Shaft with a 3 degree taper on the receiving end and a thread (you can't see) to ram the cutter onto the taper.





The female taper.





Dovetail has been cut and cap fabricated to cover bolt to provide a flat surface for the locking screw.





To accept the lever.





The long, long lever.





Lever bent and installed.





Parts for the lead screw bush.





Silver soldered together.





In place.





Tool holder blank with Gib Strip.





Tool holder has been roughly shaped with a hacksaw to be milled.





The setup used to mill the slot for receiving the tangential holder. A bit precarious I know, but it worked. 





Here is the slot. As you can see, I was overly keen with the milling and took a little too much material off in one place there (I'll be covering that with a thick coat of paint!)

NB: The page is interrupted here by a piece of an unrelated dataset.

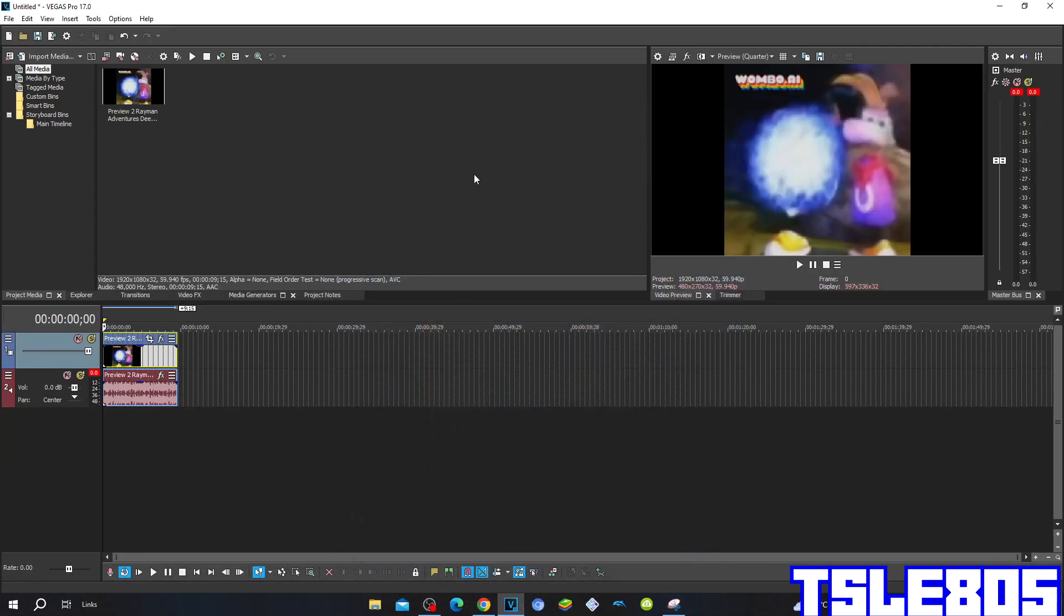Hi guys, Serby here. In this tutorial I'll show you how to make Gmajor 22 on Vegas Pro 17, or in any other Vegas Pro version.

Reference ruler has been added.





Gib screws in place. This was a saga as I broke a tap in one of the three original holes, so I drilled four new ones and will be bringing the filler and paint out this time!





The Lead Screw.





The first sphere cut by the cutter and also the ball for the en of the lever.





My indexing setup for the micrometer dial. The Lead Screw thread is M5 x 0.8mm and there will be 80 increments on the wheel, giving a 0.01mm (4/10000") movement per increment. This will be a pain when I need to move from convex to concave but I really need the accuracy for that job! That job, by the way is making ball nose mills for cutting dies for bending trumpet tubing of unusual, but critical diameters. The idea is to form a die (split down the middle) with the external shape of the curved tube. Then clamp the die around the roughly bent tube and push spheres (of equal diameter to the bore of the pipe) through the pipe, thereby forcing the wall of the tube to form to the shape of the die.





The dial is indexed and in place! Now time for that paint.





There it is. You can just see the hidden circles where a broken tap resides! You can also see the locking screw hole.





This is what the whole thing looks like.





The Dial. Under the dial you can see where the set screw for locking the tool in place goes. 


It still requires that I make some kind of reference for centering the tip of the tool in the x and z axis on my lathe. It may also require that I make a reference for lining up the tool tip on the axis of rotation of the assembly, so that I get accurate adjustments wen using the dial. When I've figured these out, I'll put a mark on the base of the tool holder so that I can use the reference ruler as a guide for the cuts prior to measuring the ball and then honing in on a final radius. Any ideas for the reference device would be appreciated.

Thanks for looking,
Hope you enjoyed it.

Ben


----------